Em Milão nevava copiosamente e batedores da polícia aguardavam para conduzir os autocarros com a falange do Glorioso ao estádio, ao som de “Benfica!” e “SLB!”. Desafiador, um fã do Inter profetizava 2-0 com os dedos em riste. O jogo foi logo nessa noite, com o Giuseppe Meazza a abarrotar de lampiões, numa enorme faixa lia-se “Pêro Pinheiro presente”, ideia do Pascoal. Já a viagem na Alitália deixara as hospedeiras atarantadas com os gritos de guerra prometendo a vitória dos encarnados, Milão que se cuidasse que não ia ser ópera, mas baile…

O jogo foi renhido, mas contas feitas, o Inter, desmancha-prazeres, acabou ganhando 4-3, a partir de Lourel o Antunes enviava mensagens pelo telemóvel, foram de carrinho mas viriam de carroça. Depois do balde frio inicial, era preciso afogar as mágoas e partir à caça das ragazzas, por certo ansiosas pelos temerários portoghesi, todos primos do Cristiano Ronaldo, menos na barriga, na careca e no resto.

Mais viajado, o Pascoal descobriu um bar com show erótico, do varão para o sofá e do sofá para a felicidade. Com ar maroto, o Alípio esfregou as mãos, um Viagra azul estava já de parte. Não que precisasse, ia apregoando, mas por causa das tosses, nada como fazer para melhorar a performance, no fim, elas é que pagariam para estar com eles, iam ver. A Adelina não deu por ele os ter comprado, era uma semana de liberdade e a vida são dois dias, afinal. Um contratempo, porém: no dancing não aceitavam cartão, só cash, e juntos não tinham euros que chegassem. Foram a outro, mas novo percalço: entrada só com sapatos de couro, o Barbosa, suburbano, ia de ténis, coisa de pobre, chingou o Alípio, tinha de ser ele a estragar a festa. Num outro, sugerido por um polícia, os preços eram caros, e até para tocar nas bailarinas havia que pagar, o table dance era mais caro que nos bares de alterne lá da zona. Com a coisa complicada, acabaram por ir para o hotel e alugar filmes para ver nos quartos.

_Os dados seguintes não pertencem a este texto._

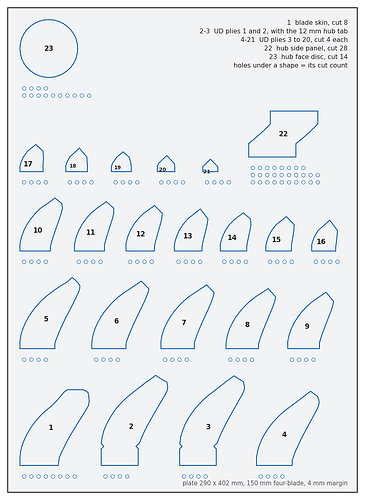 prop-mold-cut-templates
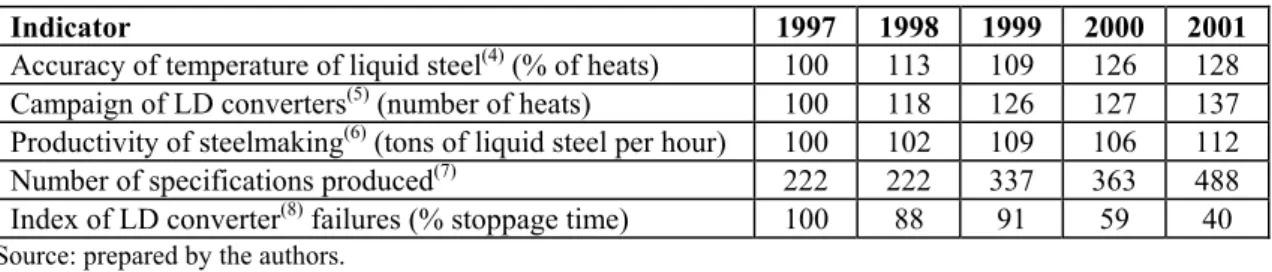 Table 7: Operational Performance Indicators at CSN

No dia seguinte, a descoberta de Milão e partida para o Lago de Garda, uma paisagem de postal salpicada de pitorescas aldeias. Aí chegaram noite cerrada, o hotel era num vilarejo onde fechava tudo às dez, bebidas só no hotel, ficaram à conversa sobre a equipa do Benfica dos anos sessenta com o barman. Adiado, o comprimido azul era um peso morto na bagagem. No último dia, de volta a Milão, com o dinheiro escasseando, a miragem da facadinha era cada vez mais miragem, ao Antunes haveriam de inventar cenas tórridas, para o lagartão se babar de inveja.

Apesar dos dias bem passados, a prometida investida transalpina ficou-se pelo convívio. Valera a pena, apesar de tudo, no avião de regresso até encontraram o Toni, velha glória dos encarnados.

De volta à rotina e entregue a prenda à Adelina, os relatos no bar do Hélder asseveravam a facilidade com que haviam conquistado a Itália, apesar do penalty que não foi penalty. Nos dias seguintes, o quotidiano do banco, as baboseiras do Antunes, o regresso às obras no Sabugo. 
Uma semana mais tarde, ao jantar, a Adelina apareceu branca como a cal da parede:

-Estás bem, amor? Já eram saudades do maridinho, não eram? -confortou Alípio, dando uma garfada no bife.

-Não, não. Não sei o que tenho, estou com uma enxaqueca terrível. Olha, de manhã até tomei um comprimido azul daqueles que levaste a  Milão. Mas não ajudou, acho até que fiquei pior!

Quase engasgado e com o bife entre dentes, correu ao quarto e escondeu as malditas embalagens numa caixa de sapatos, faltava só um, felizmente. Não tinha havido aventura italiana, mas, ou se enganava muito ou uma noite  acalorada vinha pela frente naquele frio Abril do Sabugo.